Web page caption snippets
:::

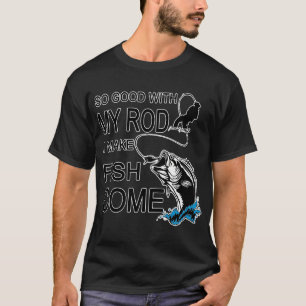 Tarnung Barsch T-Shirt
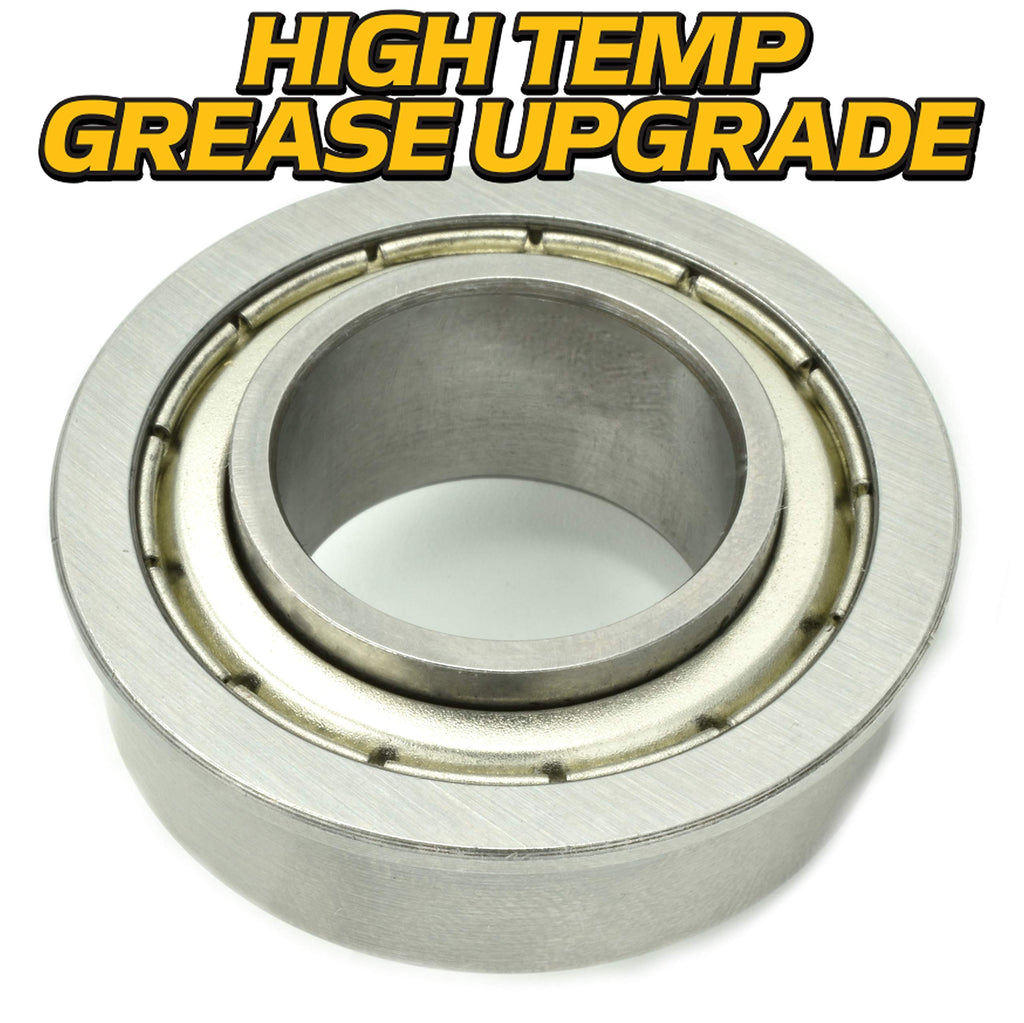 4-Pack Front Wheel Bushing to Bearing Conversion Kit for Craftsman
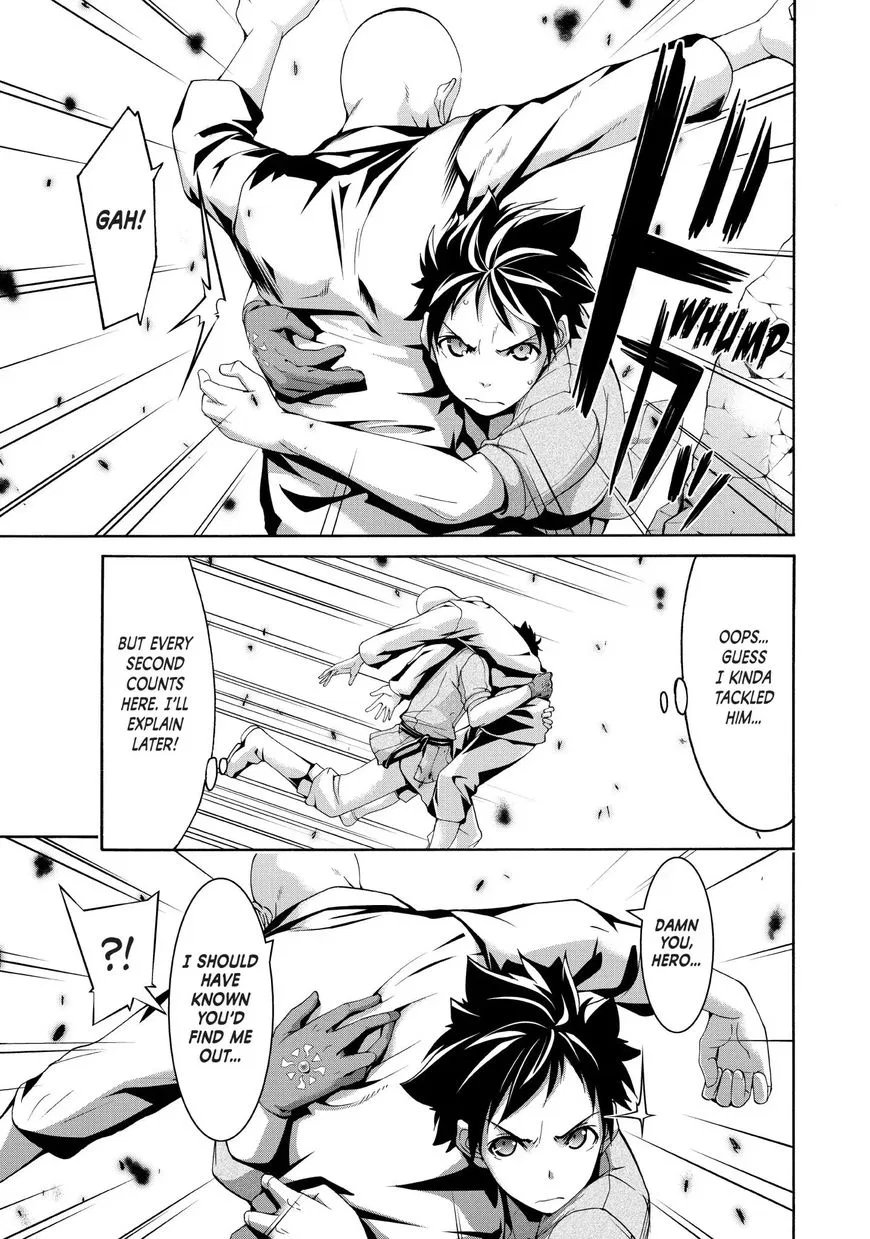 Anime – I’m Standing on a Million Lives Chapter 22 – Page 31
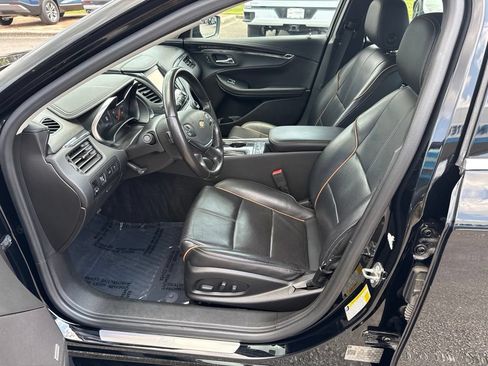 Used 2018 Chevrolet Impala Premier FWD image 18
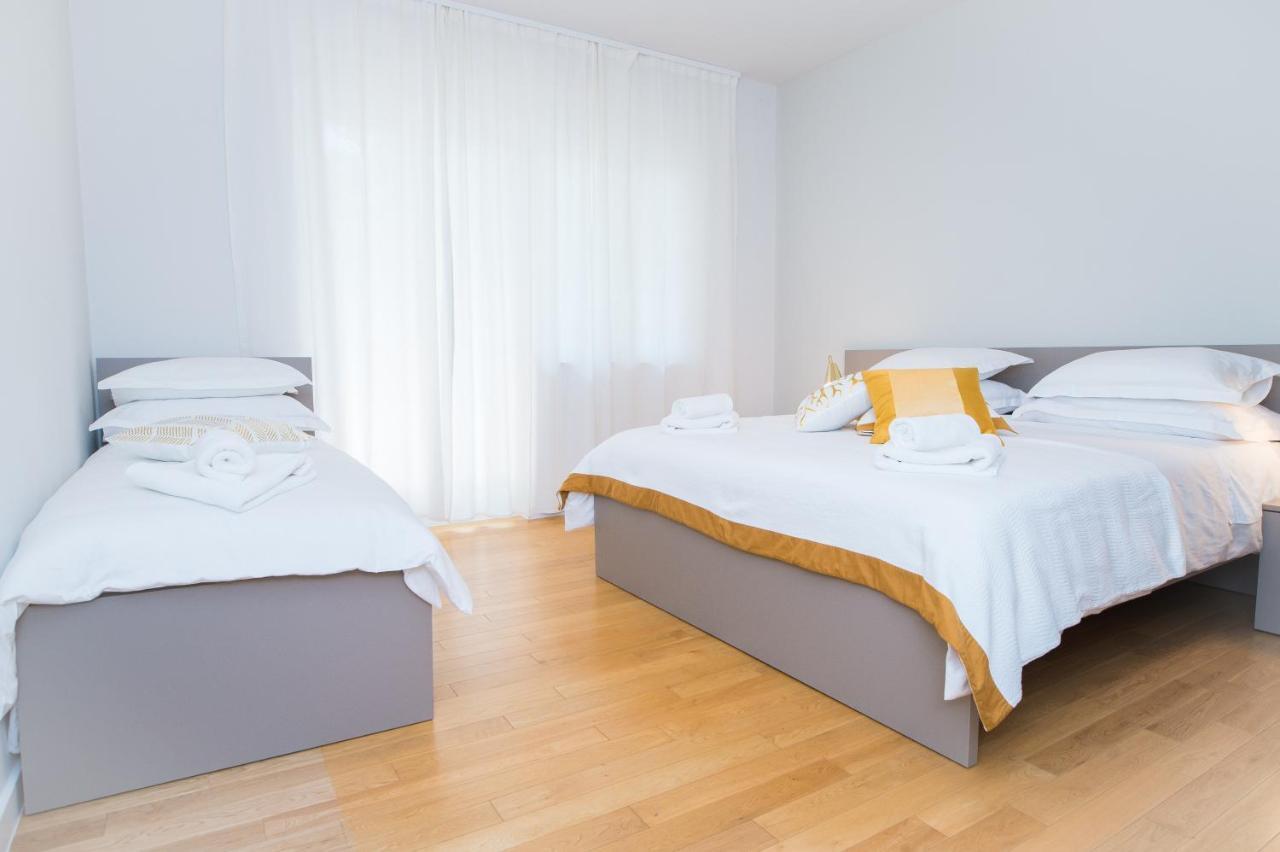 Franco'S Spacious Residence - Great Location Split Extérieur photo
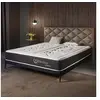 Image de Privilège à ressorts ensachés 160x200 cm - Epais 25 cm - Visco Thermorégulateur - Tissu Premium - Confort - Haute Qualité - Respirabilité optimale
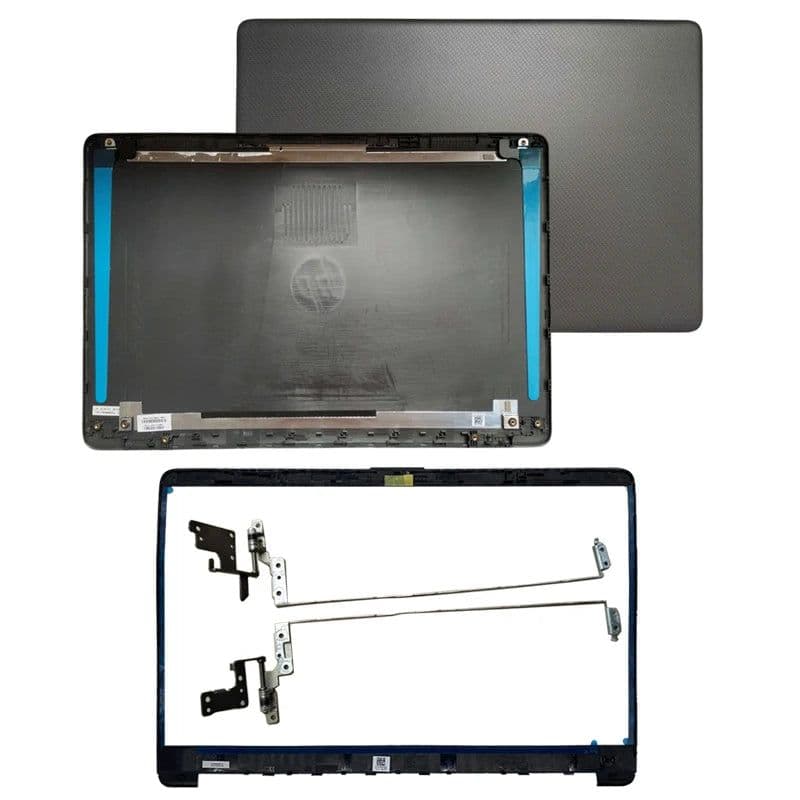 image-For HP 15-DW 15S-DU 15S-DY TPN-C139 250 G8 laptop LCD Back Cover/Front Bezel/Palmrest Upper/BOTTOM CASE L52007-001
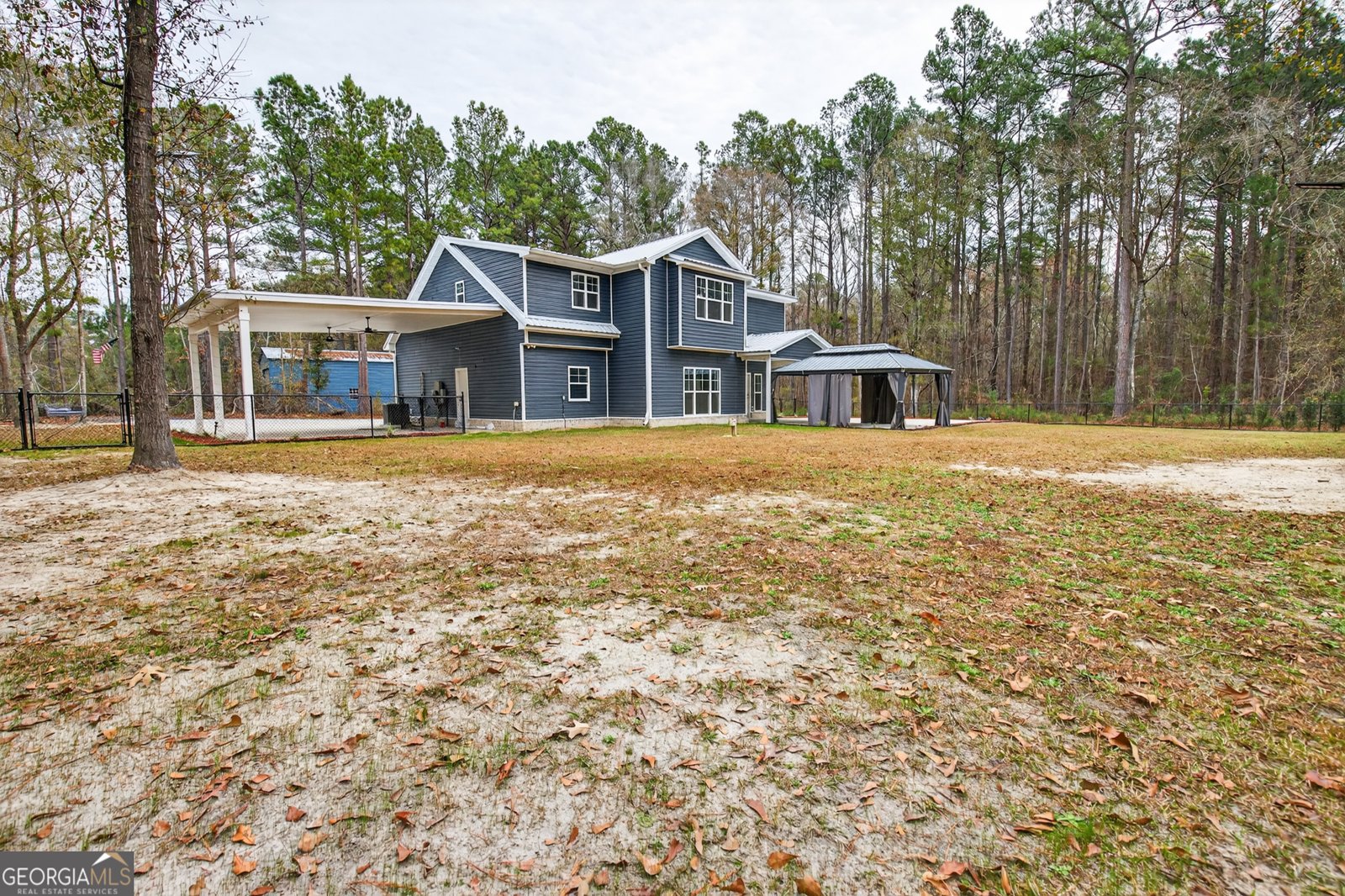 80 Alma Flournoy Road Ludowici - Photo 66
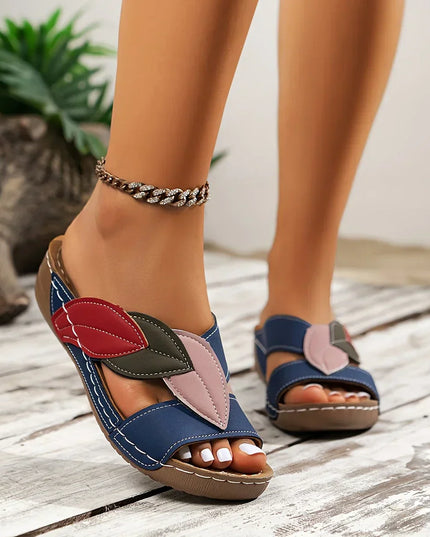 Belle | Soft Comfort Slides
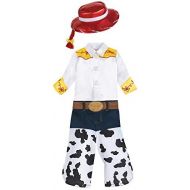 [아마존베스트]Disney Jessie Costume for Baby - Toy Story Size 12-18 MO Multi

:::

## Exercise objective
What's needed is an exact copy of the lines above from the one with "Anime – I’m" through the one with "Belle | Soft Comfort Slides", both included; the pictures stay out.

## Solution to this exercise
 Anime – I’m Standing on a Million Lives Chapter 22 – Page 31
 Used 2018 Chevrolet Impala Premier FWD image 18
 Franco'S Spacious Residence - Great Location Split Extérieur photo
 Image de Privilège à ressorts ensachés 160x200 cm - Epais 25 cm - Visco Thermorégulateur - Tissu Premium - Confort - Haute Qualité - Respirabilité optimale
 image-For HP 15-DW 15S-DU 15S-DY TPN-C139 250 G8 laptop LCD Back Cover/Front Bezel/Palmrest Upper/BOTTOM CASE L52007-001
 80 Alma Flournoy Road Ludowici - Photo 66
 Belle | Soft Comfort Slides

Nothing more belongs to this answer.